SQLServerCentral Article

Using a Recursive CTE to Generate a List

,

Database developers need to combine values from multiple rows into a list for various reasons, including:

  1. displaying lists of values per group in aggregate queries;
  2. passing a comma-delimited list of values to a function. 

The example below illustrates lists of counties generated per state. The left table contains two states with five counties per state, resulting in a total of 10 rows. The five rows for the state of 'AZ' in the left table are combined into one on the right, with the CountyID's placed in a comma separated list. Analogically, the five rows for the state of 'CA' are combined into a second row in the right table.

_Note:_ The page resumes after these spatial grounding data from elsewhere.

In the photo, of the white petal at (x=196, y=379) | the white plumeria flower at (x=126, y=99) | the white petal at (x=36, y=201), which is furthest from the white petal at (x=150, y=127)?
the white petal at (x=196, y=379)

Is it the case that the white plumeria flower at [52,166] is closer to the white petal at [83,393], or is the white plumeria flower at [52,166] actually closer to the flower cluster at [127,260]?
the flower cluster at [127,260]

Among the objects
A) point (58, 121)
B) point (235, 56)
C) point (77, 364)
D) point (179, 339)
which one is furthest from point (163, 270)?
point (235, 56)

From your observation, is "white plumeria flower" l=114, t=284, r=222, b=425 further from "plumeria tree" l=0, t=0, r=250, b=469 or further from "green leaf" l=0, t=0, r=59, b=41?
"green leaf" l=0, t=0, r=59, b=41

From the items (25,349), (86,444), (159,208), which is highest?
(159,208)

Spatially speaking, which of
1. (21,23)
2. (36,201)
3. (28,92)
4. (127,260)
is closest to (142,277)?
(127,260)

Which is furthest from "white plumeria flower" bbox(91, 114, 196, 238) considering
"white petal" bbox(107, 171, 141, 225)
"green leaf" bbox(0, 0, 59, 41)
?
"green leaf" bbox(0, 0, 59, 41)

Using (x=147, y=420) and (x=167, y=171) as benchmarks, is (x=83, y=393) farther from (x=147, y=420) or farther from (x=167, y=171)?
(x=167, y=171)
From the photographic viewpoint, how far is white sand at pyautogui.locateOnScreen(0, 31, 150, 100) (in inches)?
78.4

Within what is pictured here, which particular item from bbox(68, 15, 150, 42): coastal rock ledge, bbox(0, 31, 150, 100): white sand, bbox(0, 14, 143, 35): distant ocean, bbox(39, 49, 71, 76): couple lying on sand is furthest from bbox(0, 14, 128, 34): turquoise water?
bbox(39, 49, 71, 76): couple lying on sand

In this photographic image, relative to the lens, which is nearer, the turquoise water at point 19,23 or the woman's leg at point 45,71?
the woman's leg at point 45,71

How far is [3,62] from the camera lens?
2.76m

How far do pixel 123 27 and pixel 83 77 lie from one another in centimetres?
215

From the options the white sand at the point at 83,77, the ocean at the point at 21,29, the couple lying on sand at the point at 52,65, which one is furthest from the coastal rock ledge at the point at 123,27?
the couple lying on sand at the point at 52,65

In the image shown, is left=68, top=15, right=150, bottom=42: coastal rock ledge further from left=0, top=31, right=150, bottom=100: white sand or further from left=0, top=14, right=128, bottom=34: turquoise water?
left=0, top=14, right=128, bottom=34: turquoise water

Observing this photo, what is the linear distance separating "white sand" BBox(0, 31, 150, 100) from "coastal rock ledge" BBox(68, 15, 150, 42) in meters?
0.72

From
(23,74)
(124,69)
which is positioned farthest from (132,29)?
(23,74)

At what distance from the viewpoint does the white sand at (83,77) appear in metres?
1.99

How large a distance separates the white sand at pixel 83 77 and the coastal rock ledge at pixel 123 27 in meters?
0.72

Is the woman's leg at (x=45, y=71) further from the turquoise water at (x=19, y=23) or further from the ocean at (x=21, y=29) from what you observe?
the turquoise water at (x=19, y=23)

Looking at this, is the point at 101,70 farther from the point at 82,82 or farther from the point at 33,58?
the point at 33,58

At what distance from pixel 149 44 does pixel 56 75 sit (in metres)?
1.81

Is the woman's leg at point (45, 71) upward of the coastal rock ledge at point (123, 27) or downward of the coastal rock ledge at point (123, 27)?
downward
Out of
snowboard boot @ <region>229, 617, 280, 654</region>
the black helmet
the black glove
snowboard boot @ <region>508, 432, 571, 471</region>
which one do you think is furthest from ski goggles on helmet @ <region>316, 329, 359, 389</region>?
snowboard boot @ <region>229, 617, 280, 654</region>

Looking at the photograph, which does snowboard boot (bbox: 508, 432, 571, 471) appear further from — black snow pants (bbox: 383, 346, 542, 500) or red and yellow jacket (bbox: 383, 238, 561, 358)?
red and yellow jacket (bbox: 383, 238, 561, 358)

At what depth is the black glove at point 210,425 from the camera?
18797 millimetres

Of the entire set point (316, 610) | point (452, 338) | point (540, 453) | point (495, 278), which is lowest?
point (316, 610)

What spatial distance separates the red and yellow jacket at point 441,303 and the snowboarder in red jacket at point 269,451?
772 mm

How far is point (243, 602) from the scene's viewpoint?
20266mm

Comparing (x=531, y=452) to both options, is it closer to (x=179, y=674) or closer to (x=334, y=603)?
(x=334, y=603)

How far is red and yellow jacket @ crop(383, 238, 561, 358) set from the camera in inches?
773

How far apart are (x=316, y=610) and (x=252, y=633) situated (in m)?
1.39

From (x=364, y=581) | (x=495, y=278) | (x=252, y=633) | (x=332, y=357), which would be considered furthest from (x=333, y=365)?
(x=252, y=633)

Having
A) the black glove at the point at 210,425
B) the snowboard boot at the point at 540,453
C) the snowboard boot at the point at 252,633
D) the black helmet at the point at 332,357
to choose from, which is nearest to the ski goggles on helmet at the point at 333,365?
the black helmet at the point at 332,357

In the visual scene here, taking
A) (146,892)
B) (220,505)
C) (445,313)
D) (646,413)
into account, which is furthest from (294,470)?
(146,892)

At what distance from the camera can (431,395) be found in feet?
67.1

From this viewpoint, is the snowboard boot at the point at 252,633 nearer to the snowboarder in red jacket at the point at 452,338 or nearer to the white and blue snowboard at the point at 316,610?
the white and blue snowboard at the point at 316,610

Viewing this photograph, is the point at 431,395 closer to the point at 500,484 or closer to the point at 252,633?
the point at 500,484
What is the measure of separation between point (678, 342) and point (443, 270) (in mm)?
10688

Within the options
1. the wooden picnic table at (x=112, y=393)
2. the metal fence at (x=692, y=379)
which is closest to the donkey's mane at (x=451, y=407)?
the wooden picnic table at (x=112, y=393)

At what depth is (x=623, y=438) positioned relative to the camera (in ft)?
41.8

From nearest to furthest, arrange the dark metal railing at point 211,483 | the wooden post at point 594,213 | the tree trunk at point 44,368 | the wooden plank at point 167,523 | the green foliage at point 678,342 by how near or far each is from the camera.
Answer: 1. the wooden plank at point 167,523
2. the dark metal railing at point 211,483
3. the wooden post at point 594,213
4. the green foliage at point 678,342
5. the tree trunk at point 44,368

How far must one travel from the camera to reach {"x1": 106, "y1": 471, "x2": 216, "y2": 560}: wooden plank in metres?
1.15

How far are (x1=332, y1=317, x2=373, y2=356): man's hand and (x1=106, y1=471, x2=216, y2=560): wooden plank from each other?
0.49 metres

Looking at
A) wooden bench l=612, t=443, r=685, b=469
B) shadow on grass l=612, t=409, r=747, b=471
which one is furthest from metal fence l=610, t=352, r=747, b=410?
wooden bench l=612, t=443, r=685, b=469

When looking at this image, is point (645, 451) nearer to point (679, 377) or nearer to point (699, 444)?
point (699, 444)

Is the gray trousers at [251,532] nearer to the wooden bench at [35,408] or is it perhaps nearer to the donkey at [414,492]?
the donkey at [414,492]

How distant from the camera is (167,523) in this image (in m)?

In terms of SQL operations, the rows in the left table are grouped by State and a list of CountyIDs is generated for each state. Let's look at how this is achieved using recursive CTEs.

 Overview of Recursive CTEs

 A recursive CTE requires at least one UNION ALL operator. The simplest recursive form has one UNION ALL and two queries[1]:

The anchor query is executed exactly once and the result is united with the results from the recursive member, which is executed until it returns an empty set. You have to provide a condition that will ensure the recursive member query does not run indefinitely. The easiest way to ensure termination is to use an increasing identity column in the base_table.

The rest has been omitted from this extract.